#### [INSTRUCTIONS FOR THE TASK]
Exactly reproduce the lines beginning with the line that includes "niannyyhouse 20cm Plush" and ending with the last line of the data.
━━━━━━━━━━━━━━━━━━━━━━━━━━━━━━
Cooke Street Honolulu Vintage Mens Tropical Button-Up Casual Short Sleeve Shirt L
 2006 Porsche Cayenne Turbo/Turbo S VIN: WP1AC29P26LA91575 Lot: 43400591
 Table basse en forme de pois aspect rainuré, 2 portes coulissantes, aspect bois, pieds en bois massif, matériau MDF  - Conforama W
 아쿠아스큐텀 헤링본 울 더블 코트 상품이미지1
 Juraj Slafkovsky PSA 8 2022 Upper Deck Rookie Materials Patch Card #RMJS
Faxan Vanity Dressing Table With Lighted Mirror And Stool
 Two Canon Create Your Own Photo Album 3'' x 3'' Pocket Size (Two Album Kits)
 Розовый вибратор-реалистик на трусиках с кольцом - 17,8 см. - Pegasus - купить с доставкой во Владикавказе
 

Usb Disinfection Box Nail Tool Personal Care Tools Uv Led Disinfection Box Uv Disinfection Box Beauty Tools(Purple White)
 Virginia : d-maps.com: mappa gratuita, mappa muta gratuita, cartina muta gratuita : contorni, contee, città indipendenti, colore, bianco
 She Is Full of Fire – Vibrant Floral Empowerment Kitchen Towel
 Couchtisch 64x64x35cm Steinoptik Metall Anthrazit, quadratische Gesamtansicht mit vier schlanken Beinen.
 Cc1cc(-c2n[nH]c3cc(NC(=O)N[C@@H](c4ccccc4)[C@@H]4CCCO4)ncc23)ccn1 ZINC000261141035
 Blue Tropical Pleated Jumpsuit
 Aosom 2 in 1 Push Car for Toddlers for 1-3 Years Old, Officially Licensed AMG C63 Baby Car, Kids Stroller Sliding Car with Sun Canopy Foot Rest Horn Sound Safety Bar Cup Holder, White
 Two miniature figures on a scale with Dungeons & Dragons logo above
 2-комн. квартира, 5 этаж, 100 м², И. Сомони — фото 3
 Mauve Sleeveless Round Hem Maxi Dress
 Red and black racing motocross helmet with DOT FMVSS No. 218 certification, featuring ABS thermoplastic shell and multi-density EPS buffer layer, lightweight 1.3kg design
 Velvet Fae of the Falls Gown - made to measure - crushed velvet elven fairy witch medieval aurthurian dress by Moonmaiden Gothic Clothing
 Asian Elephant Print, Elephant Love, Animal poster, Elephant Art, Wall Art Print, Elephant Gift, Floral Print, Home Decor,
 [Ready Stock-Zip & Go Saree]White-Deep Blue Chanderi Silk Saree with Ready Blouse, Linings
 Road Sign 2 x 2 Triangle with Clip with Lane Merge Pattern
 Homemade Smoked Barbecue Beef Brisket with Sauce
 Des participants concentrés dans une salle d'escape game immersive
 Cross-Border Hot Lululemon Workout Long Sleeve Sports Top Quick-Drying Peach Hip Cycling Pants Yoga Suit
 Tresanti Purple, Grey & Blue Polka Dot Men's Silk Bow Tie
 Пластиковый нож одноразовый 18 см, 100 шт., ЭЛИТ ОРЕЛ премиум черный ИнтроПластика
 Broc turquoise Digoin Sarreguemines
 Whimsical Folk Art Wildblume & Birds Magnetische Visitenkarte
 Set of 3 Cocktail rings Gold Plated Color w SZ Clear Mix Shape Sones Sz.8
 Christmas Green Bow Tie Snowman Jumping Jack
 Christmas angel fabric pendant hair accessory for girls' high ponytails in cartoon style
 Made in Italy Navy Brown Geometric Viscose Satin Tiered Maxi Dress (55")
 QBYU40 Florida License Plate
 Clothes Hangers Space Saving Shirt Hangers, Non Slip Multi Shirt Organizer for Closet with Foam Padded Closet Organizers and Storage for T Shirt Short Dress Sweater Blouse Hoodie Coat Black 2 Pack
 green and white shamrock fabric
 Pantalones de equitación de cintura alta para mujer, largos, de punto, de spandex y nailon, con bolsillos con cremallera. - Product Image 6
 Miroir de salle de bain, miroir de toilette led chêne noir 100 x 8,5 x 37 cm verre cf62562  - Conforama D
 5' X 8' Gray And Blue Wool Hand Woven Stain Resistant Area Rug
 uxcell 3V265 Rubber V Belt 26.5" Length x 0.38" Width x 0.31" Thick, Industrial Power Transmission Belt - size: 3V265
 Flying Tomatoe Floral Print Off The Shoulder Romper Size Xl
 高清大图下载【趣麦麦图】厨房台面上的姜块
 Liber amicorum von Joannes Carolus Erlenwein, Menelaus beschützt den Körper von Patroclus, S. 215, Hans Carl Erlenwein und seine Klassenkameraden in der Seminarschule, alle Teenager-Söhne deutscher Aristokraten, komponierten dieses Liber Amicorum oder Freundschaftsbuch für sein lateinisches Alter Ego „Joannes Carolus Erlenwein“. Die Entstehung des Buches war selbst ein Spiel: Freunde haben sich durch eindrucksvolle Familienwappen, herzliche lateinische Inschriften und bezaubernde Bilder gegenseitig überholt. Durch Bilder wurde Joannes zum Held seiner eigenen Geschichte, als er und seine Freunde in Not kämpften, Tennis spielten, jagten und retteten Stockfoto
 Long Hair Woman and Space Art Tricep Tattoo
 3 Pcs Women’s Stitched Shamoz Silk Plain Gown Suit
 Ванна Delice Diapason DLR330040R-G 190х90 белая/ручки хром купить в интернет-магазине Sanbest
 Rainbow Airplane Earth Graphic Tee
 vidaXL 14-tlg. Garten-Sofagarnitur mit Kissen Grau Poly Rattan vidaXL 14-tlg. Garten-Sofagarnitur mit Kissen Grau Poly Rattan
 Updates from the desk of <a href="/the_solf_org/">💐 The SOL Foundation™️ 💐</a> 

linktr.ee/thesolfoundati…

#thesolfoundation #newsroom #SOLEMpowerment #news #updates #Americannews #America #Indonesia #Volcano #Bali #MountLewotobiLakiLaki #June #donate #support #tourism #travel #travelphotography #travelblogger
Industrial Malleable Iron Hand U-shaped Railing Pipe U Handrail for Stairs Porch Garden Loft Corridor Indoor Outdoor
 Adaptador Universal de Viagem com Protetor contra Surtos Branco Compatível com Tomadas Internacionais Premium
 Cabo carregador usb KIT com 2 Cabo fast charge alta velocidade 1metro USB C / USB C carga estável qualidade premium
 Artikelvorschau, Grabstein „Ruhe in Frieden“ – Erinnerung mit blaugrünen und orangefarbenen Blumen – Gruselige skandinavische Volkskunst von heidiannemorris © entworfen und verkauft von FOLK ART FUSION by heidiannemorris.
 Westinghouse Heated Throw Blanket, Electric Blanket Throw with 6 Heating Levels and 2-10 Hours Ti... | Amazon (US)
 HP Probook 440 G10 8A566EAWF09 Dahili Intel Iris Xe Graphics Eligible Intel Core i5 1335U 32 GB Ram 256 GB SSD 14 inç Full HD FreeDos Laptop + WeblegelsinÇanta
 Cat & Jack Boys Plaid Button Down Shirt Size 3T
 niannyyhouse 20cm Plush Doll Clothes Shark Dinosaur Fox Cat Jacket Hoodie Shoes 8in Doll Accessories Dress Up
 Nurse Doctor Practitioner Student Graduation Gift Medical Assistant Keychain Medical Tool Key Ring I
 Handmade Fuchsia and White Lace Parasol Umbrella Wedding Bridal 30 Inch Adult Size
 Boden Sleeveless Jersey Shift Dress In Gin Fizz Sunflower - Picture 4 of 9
━━━━━━━━━━━━━━━━━━━━━━━━━━━━━━
#### [SOLUTION FOR THIS EXERCISE]
 niannyyhouse 20cm Plush Doll Clothes Shark Dinosaur Fox Cat Jacket Hoodie Shoes 8in Doll Accessories Dress Up
 Nurse Doctor Practitioner Student Graduation Gift Medical Assistant Keychain Medical Tool Key Ring I
 Handmade Fuchsia and White Lace Parasol Umbrella Wedding Bridal 30 Inch Adult Size
 Boden Sleeveless Jersey Shift Dress In Gin Fizz Sunflower - Picture 4 of 9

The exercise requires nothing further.